ASSIGNMENT – Every record must reappear in the answer exactly as given.

DATA EXTRACT –
>>>
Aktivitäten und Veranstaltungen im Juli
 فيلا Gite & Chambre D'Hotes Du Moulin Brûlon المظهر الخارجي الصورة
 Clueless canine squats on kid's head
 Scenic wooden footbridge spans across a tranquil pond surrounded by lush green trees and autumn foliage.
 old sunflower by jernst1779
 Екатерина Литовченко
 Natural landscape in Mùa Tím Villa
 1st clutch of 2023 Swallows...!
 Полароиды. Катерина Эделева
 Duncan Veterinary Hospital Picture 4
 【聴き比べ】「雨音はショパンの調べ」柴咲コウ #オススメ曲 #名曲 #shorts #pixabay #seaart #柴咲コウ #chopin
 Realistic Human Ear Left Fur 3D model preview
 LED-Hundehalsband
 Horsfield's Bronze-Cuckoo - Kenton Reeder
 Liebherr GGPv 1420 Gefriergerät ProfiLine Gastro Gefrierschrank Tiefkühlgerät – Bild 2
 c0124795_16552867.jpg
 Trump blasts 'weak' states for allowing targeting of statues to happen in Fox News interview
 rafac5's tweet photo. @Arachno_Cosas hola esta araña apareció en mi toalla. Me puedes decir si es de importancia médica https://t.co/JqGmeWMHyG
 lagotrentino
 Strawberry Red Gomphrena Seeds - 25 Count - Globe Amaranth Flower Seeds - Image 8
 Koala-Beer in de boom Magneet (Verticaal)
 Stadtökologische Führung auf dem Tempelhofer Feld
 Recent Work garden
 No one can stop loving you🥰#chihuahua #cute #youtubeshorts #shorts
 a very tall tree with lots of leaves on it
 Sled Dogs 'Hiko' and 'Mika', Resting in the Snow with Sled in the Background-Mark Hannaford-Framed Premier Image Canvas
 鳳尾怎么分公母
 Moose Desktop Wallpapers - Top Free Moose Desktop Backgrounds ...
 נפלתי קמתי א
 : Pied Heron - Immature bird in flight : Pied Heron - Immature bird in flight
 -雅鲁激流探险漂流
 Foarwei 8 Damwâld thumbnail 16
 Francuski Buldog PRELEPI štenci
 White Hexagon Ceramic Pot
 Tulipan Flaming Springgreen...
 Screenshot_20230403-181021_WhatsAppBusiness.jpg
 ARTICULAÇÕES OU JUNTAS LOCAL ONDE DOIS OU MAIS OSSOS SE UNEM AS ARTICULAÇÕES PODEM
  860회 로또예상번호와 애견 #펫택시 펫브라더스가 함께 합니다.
<<<
ANSWER BOX –
Aktivitäten und Veranstaltungen im Juli
 فيلا Gite & Chambre D'Hotes Du Moulin Brûlon المظهر الخارجي الصورة
 Clueless canine squats on kid's head
 Scenic wooden footbridge spans across a tranquil pond surrounded by lush green trees and autumn foliage.
 old sunflower by jernst1779
 Екатерина Литовченко
 Natural landscape in Mùa Tím Villa
 1st clutch of 2023 Swallows...!
 Полароиды. Катерина Эделева
 Duncan Veterinary Hospital Picture 4
 【聴き比べ】「雨音はショパンの調べ」柴咲コウ #オススメ曲 #名曲 #shorts #pixabay #seaart #柴咲コウ #chopin
 Realistic Human Ear Left Fur 3D model preview
 LED-Hundehalsband
 Horsfield's Bronze-Cuckoo - Kenton Reeder
 Liebherr GGPv 1420 Gefriergerät ProfiLine Gastro Gefrierschrank Tiefkühlgerät – Bild 2
 c0124795_16552867.jpg
 Trump blasts 'weak' states for allowing targeting of statues to happen in Fox News interview
 rafac5's tweet photo. @Arachno_Cosas hola esta araña apareció en mi toalla. Me puedes decir si es de importancia médica https://t.co/JqGmeWMHyG
 lagotrentino
 Strawberry Red Gomphrena Seeds - 25 Count - Globe Amaranth Flower Seeds - Image 8
 Koala-Beer in de boom Magneet (Verticaal)
 Stadtökologische Führung auf dem Tempelhofer Feld
 Recent Work garden
 No one can stop loving you🥰#chihuahua #cute #youtubeshorts #shorts
 a very tall tree with lots of leaves on it
 Sled Dogs 'Hiko' and 'Mika', Resting in the Snow with Sled in the Background-Mark Hannaford-Framed Premier Image Canvas
 鳳尾怎么分公母
 Moose Desktop Wallpapers - Top Free Moose Desktop Backgrounds ...
 נפלתי קמתי א
 : Pied Heron - Immature bird in flight : Pied Heron - Immature bird in flight
 -雅鲁激流探险漂流
 Foarwei 8 Damwâld thumbnail 16
 Francuski Buldog PRELEPI štenci
 White Hexagon Ceramic Pot
 Tulipan Flaming Springgreen...
 Screenshot_20230403-181021_WhatsAppBusiness.jpg
 ARTICULAÇÕES OU JUNTAS LOCAL ONDE DOIS OU MAIS OSSOS SE UNEM AS ARTICULAÇÕES PODEM
  860회 로또예상번호와 애견 #펫택시 펫브라더스가 함께 합니다.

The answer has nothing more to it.